Are you raising messed up kids?

The internet and twitter are very useful tools for finding new information. Today I was searching the web and I arrived on a blog written by a third culture kid. The words I read stayed with me all day and I just have to share them with you. I have written about my 10 disadvantages of growing up abroad and I have written a blog on the downside of growing up abroad as a third culture kid.  You know it's true, children are flexible and they can easily adapt to transitions but there is a cost we pay. Please parents do think ahead and consider what effect multiple moves will have on kids. Here are the words I read:

"Dear everyone who has kids: If you want to mess up their heads and damn them to loneliness, raise them in a place radically foreign from what you know and love.  It works every time.

Growing up, I was the poster child for third culture kids.  I didn't fit in anywhere.  Even when I was well liked, I didn't really fit in anywhere."
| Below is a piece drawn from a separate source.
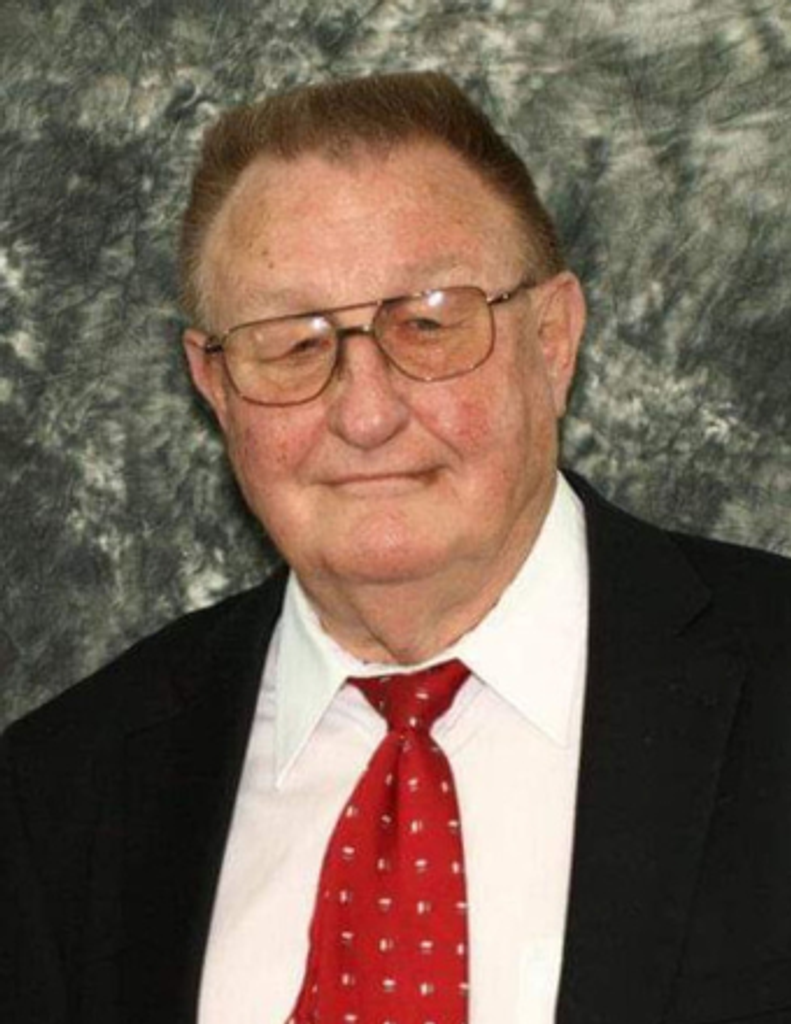 Jay Ronnie Williams Sr. Profile Photo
There are real challenges for third culture kids, children growing up in multiple countries, continents, and communities. There is an "identity issue". Where do I belong? Where's home? Who am I? Where do I fit in? I have written about cultural identity confusion and third culture kids before. When I was growing up in Africa I cannot really remember having any real identity issues. During primary school I attended an International school so there were kids from many different nationalities. We were all different, there was no problem there. The community was constantly changing. We were saying "hello" and "goodbye" regularly. It was a way of life. To me it was a normal way of life. During secondary school in Zimbabwe I remember being called "the foreigner", but even that I could accept.

The identity issue became a real issue when I went to university in the Netherlands (my passport country).  My whole life I had said that I was Dutch. I spoke Dutch, I had a Dutch passport, nearly all my family lived in the Netherlands and yet suddenly I did not feel Dutch. I discovered that there were many things about normal Dutch life that I did not know. It is so hard to explain, it is not only about knowing things but also about feeling different.

Through twitter I came across a blog post written by Julia Munroe Martin. She was a third culture kid (TCK). She grew up in France, Belize, Kenya and Uganda. She writes about "always feeling and being different in every culture, never fitting in anywhere..."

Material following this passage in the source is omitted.